The news cycle isn’t the only 24-hour cycle we see.
Jun Li, Associate Professor in the Department of Human Genetics at the University of Michigan, discusses how our brains are also on their own 24-hour clock.
This work is conducted by the Pritzker Neuropsychiatric Disorders Research Consortium , in which Dr. Li is a member, and has been published.
The Li lab studies the genetic basis of complex human diseases using genomic approaches. Currently our interests include analyses of gene expression patterns in postmortem brain tissues associated with major depression, bipolar disorder, and schizophrenia, sequencing-based variant discovery and analysis in rare Mendelian disorders and the bipolar disorder, integrated analysis of cancer genome alterations, intratumor heterogeneity in breast and esophageal cancers, and spontaneous mutation patterns in the human genome.
The Brain’s 24-Hour Clock
Most of our bodily functions, such as appetite and alertness, follow a regular 24-hour cycle. This daily rhythm is generated by a network of interacting proteins in our cells. Their rhythmic patterns can be studied in skin and blood cells, which are easy to collect, but they are difficult to study in the human brain, because it is not ethical to take a brain sample out of a living human once every few hours. Our team solved this problem by comparing brain tissues across people who have died at different hours of the day. If there are indeed regular rise and fall of gene activities in brain cells, we should be able to see recognizable differences between those who died at night from those who died during the day, as long as most donated brain tissues show the activity patterns typical for their hour of death, just like a clock damaged in earthquake registers the exact time of the quake. This is indeed what we found: while we still could not follow a single brain over time, by studying many people, each having died at a different point around the clock, we demonstrated that human brain cells indeed show a 24-hour rhythm in gene activity, with hundreds of genes being cyclical.
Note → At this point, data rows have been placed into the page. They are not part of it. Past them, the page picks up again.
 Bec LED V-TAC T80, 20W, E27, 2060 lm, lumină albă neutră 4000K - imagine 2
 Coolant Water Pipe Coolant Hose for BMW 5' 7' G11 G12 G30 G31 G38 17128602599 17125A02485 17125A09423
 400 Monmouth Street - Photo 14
Having learned these patterns, we were also able to look at a sample from someone whose time of death was unknown, and estimate this time based on its telltale gene patterns. Interestingly, for people with major depression, their estimated time of death was far off the actual time, as if they had died while living in a different time zone. This is likely because people suffering from brain disorders often experience disrupted sleep. Being able to study daily cycles of the brain this way opened up new directions to understand the relationship between sleep quality and mental health.